Era un momento davvero imbarazzante, ma allo stesso tempo anche...piacevole. Molto...
-Hai gli occhi verdissimi...- commentò Kyda.
-Sì lo so, gli ho ereditati da mia madre- rispose Sam, sorridendo appena.
-Io invece da mio padre, quelli di mia madre sono castano scuro-
-Capisco...Anche tuo fratello ha gli occhi blu?- s’incuriosì.
-No, sono castani-
-Quindi due componenti in un modo, due in un altro- disse il ragazzo.
-Già- asserì laconica la giovane -Proprio così...-
Finalmente Sam finì e si poté allontanare. Sentiva ancora il cuore martellargli nel petto e sperò vivamente di non essere arrossito. Perché aveva quelle reazioni? Cosa diamine gli stava succedendo?
-Fatto!- annunciò.
La ragazza si passò una mano sulle guancie -Mh, sì, direi che hai fatto un buon lavoro. Grazie-
-Ehm, figurati. Ci ho messo un po’, solo che c’era trucco ovunque! Comunque, ti piace molto truccarti...- la buttò lì.
-Sì, ma solo di nero. Non mi vedo con altri colori addosso- mormorò Kyda. 
-Va tutto bene?- le chiese Sam, aggrottando la fronte.
Lo sguardo di lei si indurì improvvisamente -Certo- replicò brusca, riportando la sedia al suo posto.
-Sei sicura?-
-Sì...- rispose la ragazza, appoggiandosi al tavolo.
Stava mentendo. Si capiva che qualcosa non andava.
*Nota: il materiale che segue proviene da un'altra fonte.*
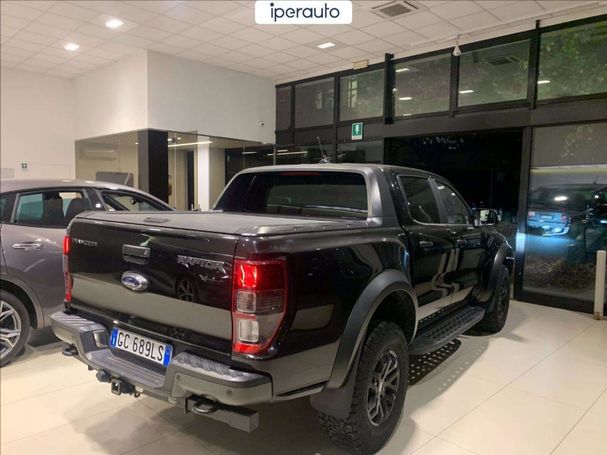 Ford Ranger Raptor 2.0 TDCi 156 kW image number 4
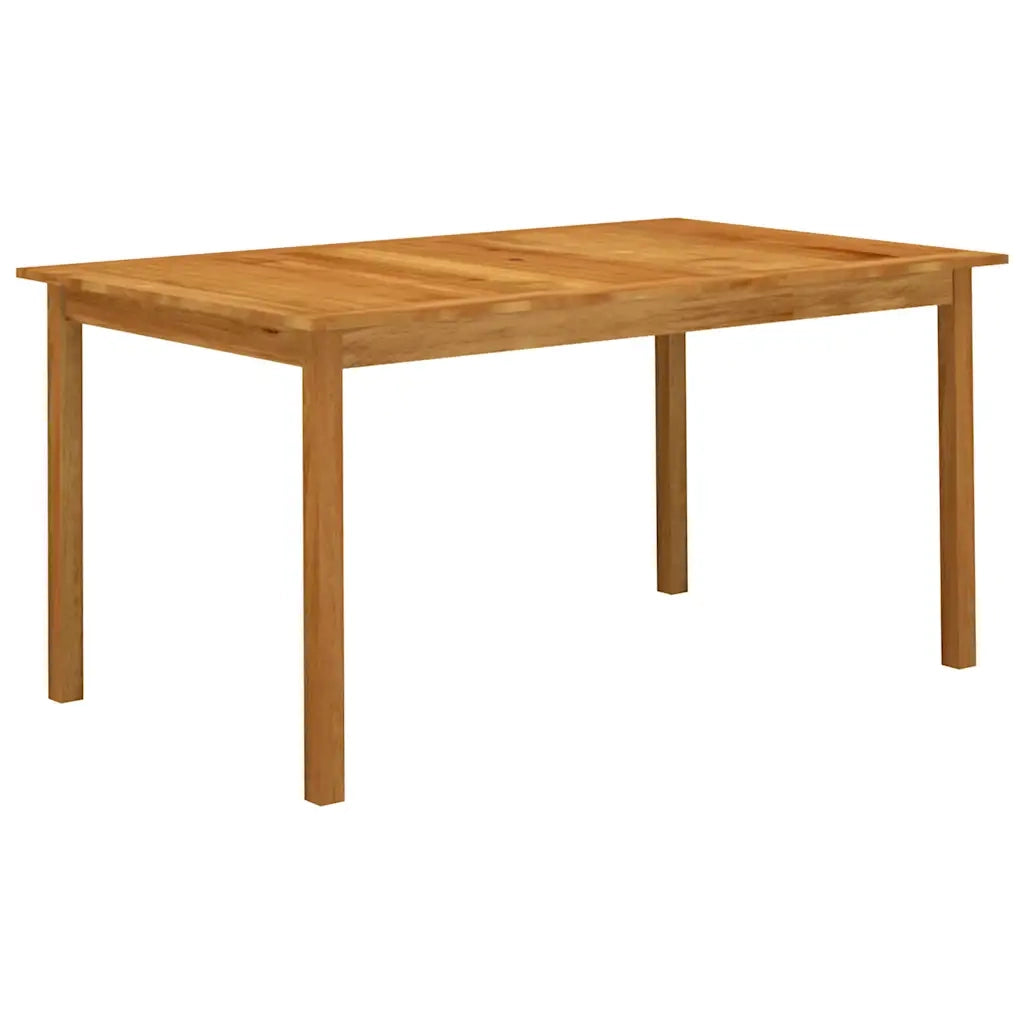 Set da Pranzo da Giardino 9 pz Nero cod mxl 36980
Era stanca, quasi...debole.
Il giovane fece per aggiungere qualcos’altro, ma lei lo interruppe -Io adesso devo andare-
I due ragazzi riordinarono il tavolo e fecero su le loro cose velocemente.
-Compro io tutto il materiale, tanto per tornare a casa passo davanti al negozio di Hugh-
-Va bene- annuì Sam -Ci vediamo Lunedì?-
-No, non posso- rispose la ragazza gelida -Ho...un..un compleanno- la sua voce vacillò vistosamente, tanto che Sam se ne preoccupò.
-Ah, allora mi sa che ci dovremo vedere Mercoledì, perché Martedì sono impegnato tutto il giorno. Ci siamo dimenticati delle cose nella vecchia casa e dobbiamo trasferirle qui-
Così si accordarono per quel giorno ed uscirono da scuola. Fuori pioveva a dirotto, ma fortunatamente Sam aveva provveduto a portarsi l’ombrello.
-Che razza di tempo che c’è qui- bofonchiò aprendolo –Tu ce l’hai l’ombrello? In caso contrario ti posso anche...EHY!- esclamò, sbigottito. Kyda si era già incamminata a passo spedito, con la visiera del cappello calata, infradiciandosi sotto la pioggia.
-Aspetta! Guarda che ti stai inzuppando!- le urlò.
-Non ha importanza!- rispose di rimando, la voce appena percettibile a causa del rumore battente -Preferisco così-
Il ragazzo non la ascoltò e corse fin da lei, riparandola -Ma è da matti! Ti prenderai un accidenti!-
Lei lo scostò freddamente -No, grazie ugualmente. E poi ormai sono già bagnata- e si allontanò.
-KYDA!- la chiamò di nuovo.
-Ci si vede!- lo salutò con la mano, senza voltarsi e, mentre  continuava a camminare, un fulmine squarciò il cielo.